▸ **YOUR OBJECTIVE**:
What is needed is an exact transcription of the line containing "upscreen Schutzfolie für" and every line after it through the end of the entries below, with no pictures.

Caption-style text data
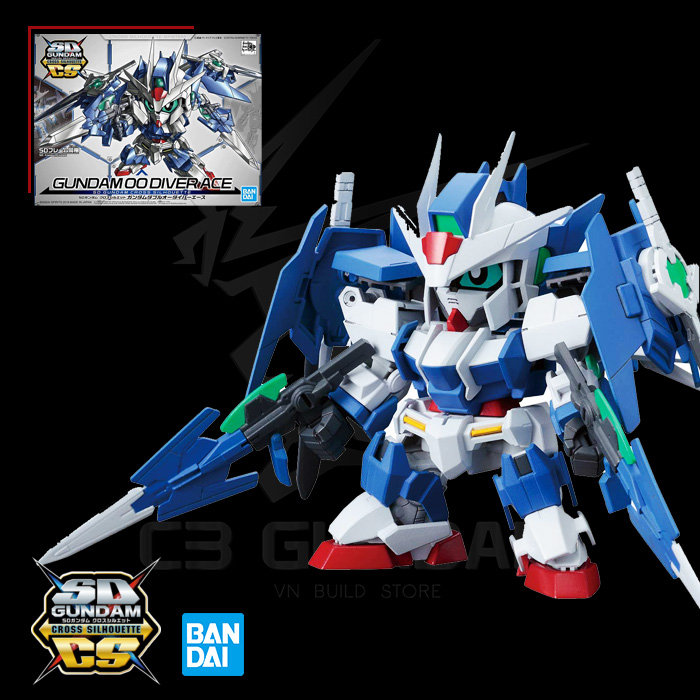 SDCS GUNDAM 00 DIVER ACE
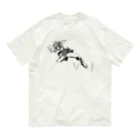 NFSN66 の忍者雪兎 Organic Cotton T-Shirt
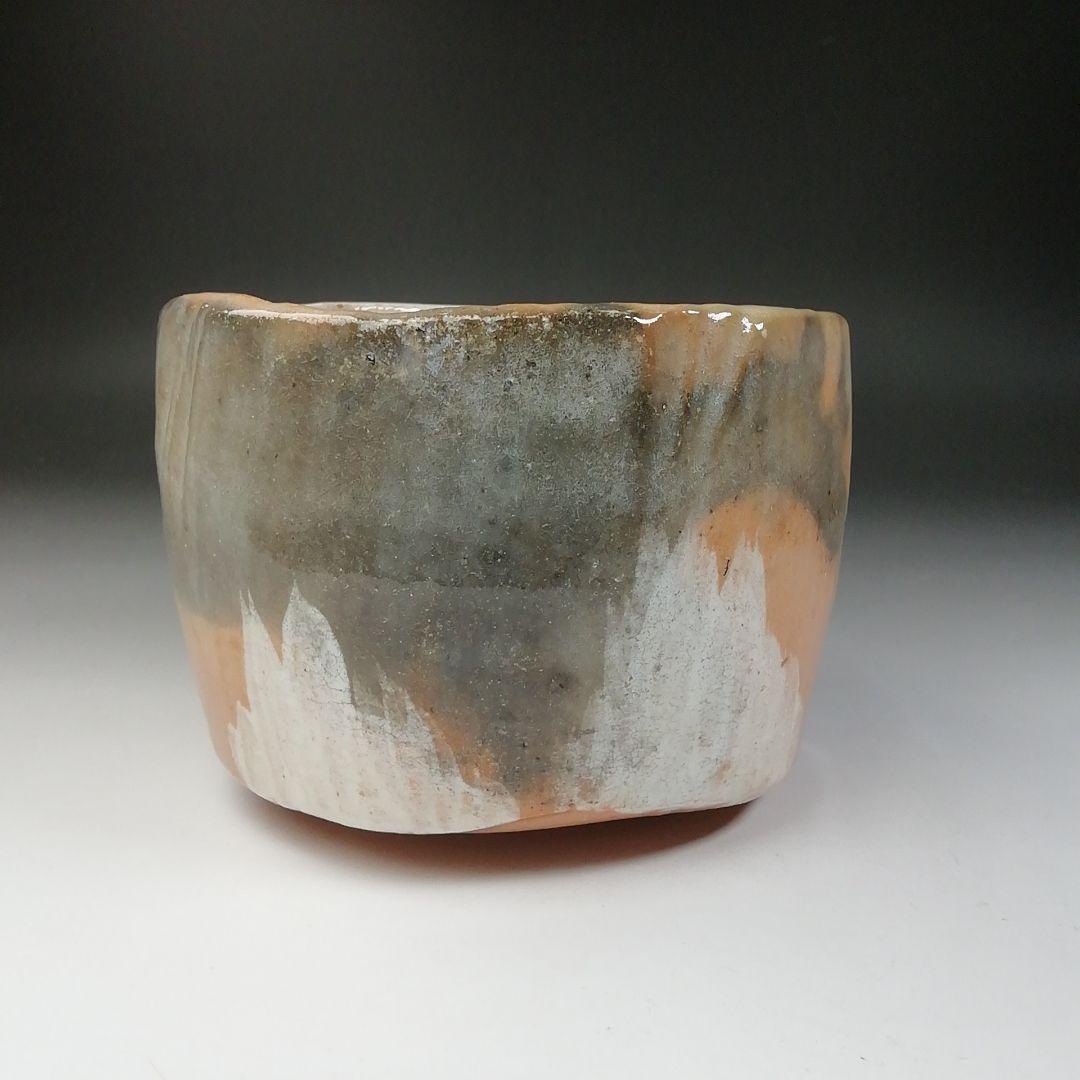 Ｔ５４６　茶碗　『加賀光悦写』『赤茶碗』『佐々木昭楽 造』　共箱　抹茶碗　茶道具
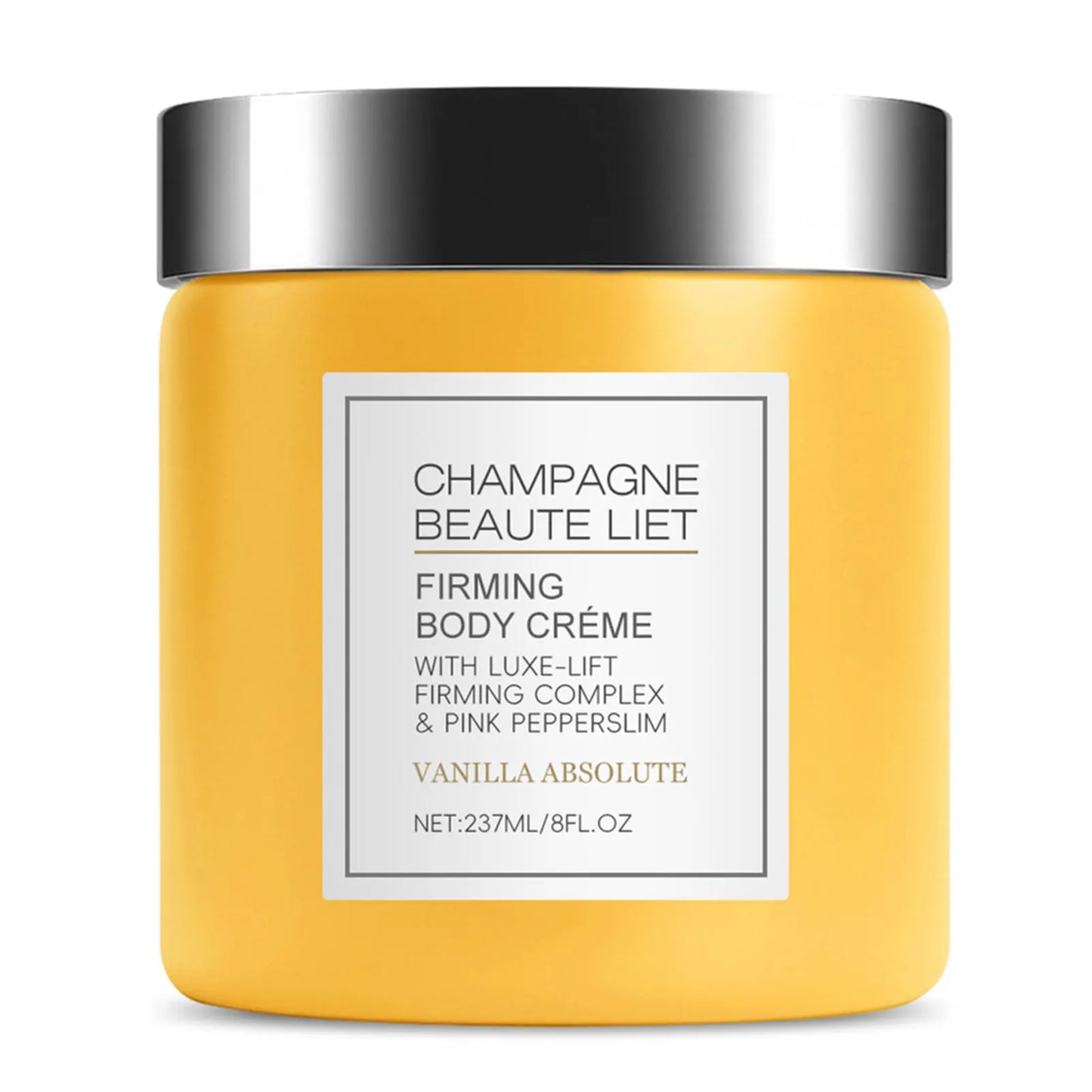 Champagne Firming Body Cream – Daily Hydration & Skin Tightening
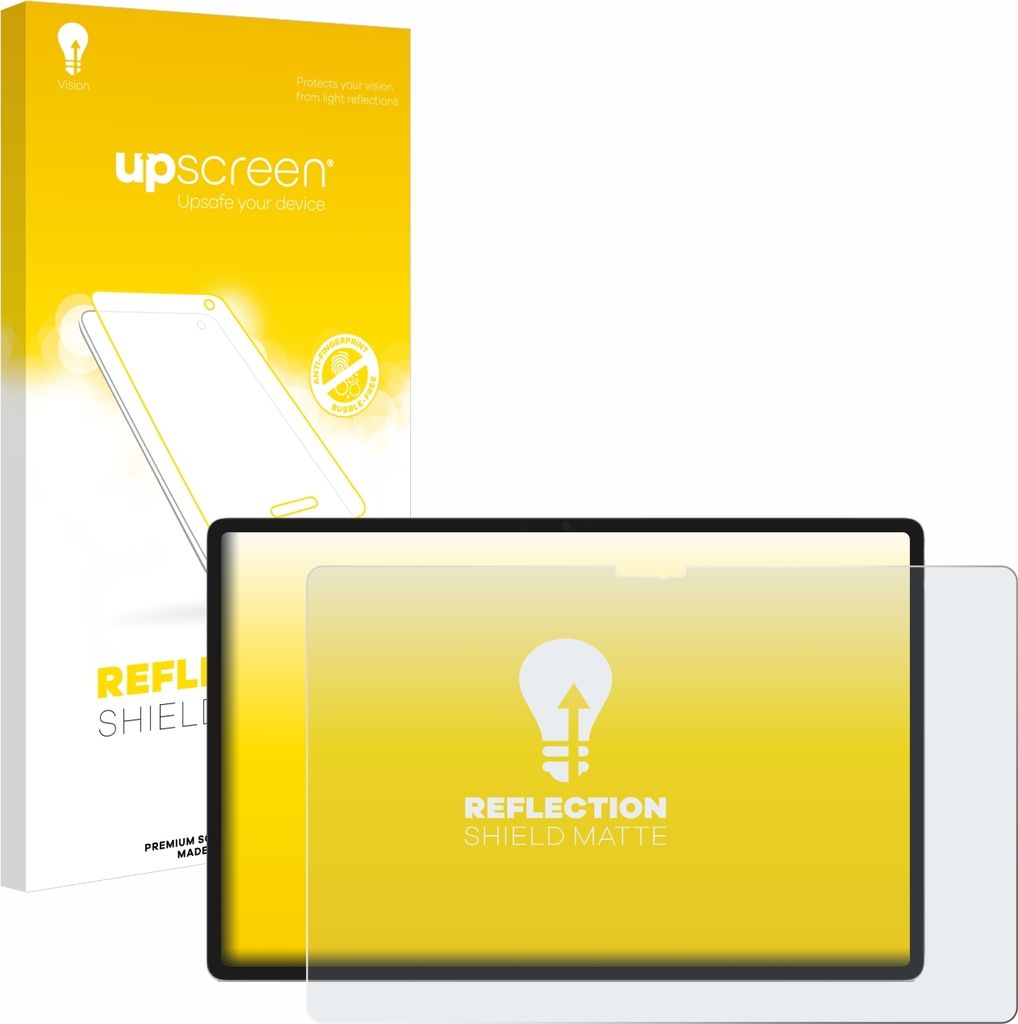 upscreen Schutzfolie für Lenovo Yoga Tab Plus 2025 Displayschutz Displayschutzfolie Folie Matt Entspiegelungsfolie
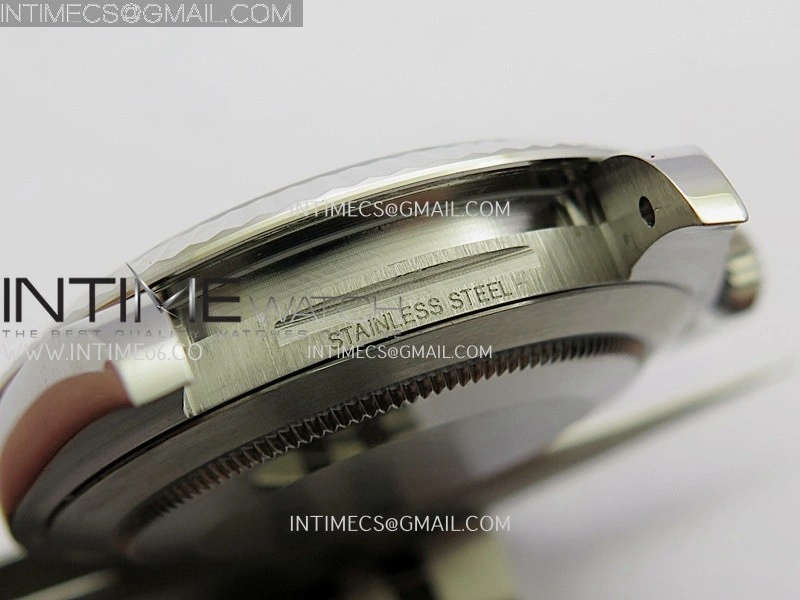 DateJust 126334 904L SS ERF 1:1 Best Edition Gray Dial Stick Marker On Jubilee Bracelet SH3235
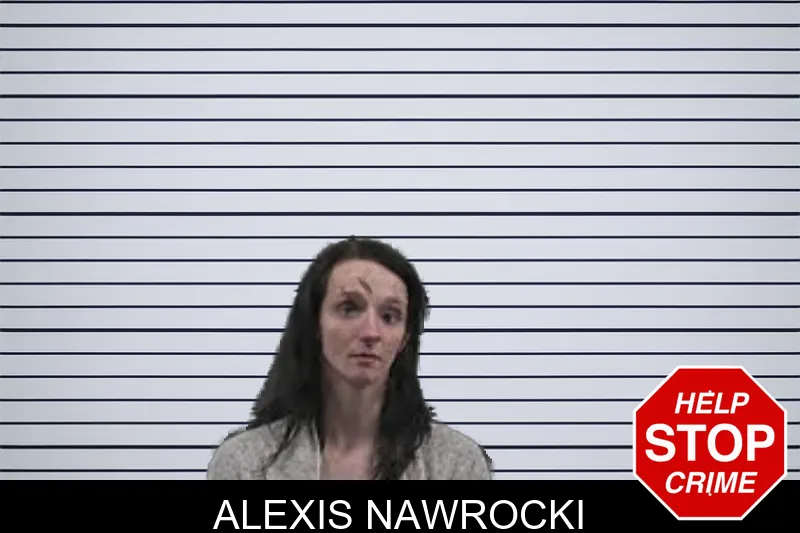 Alexis Nawrocki mugshot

▸ **FINISHED TASK**:
 upscreen Schutzfolie für Lenovo Yoga Tab Plus 2025 Displayschutz Displayschutzfolie Folie Matt Entspiegelungsfolie
 DateJust 126334 904L SS ERF 1:1 Best Edition Gray Dial Stick Marker On Jubilee Bracelet SH3235
 Alexis Nawrocki mugshot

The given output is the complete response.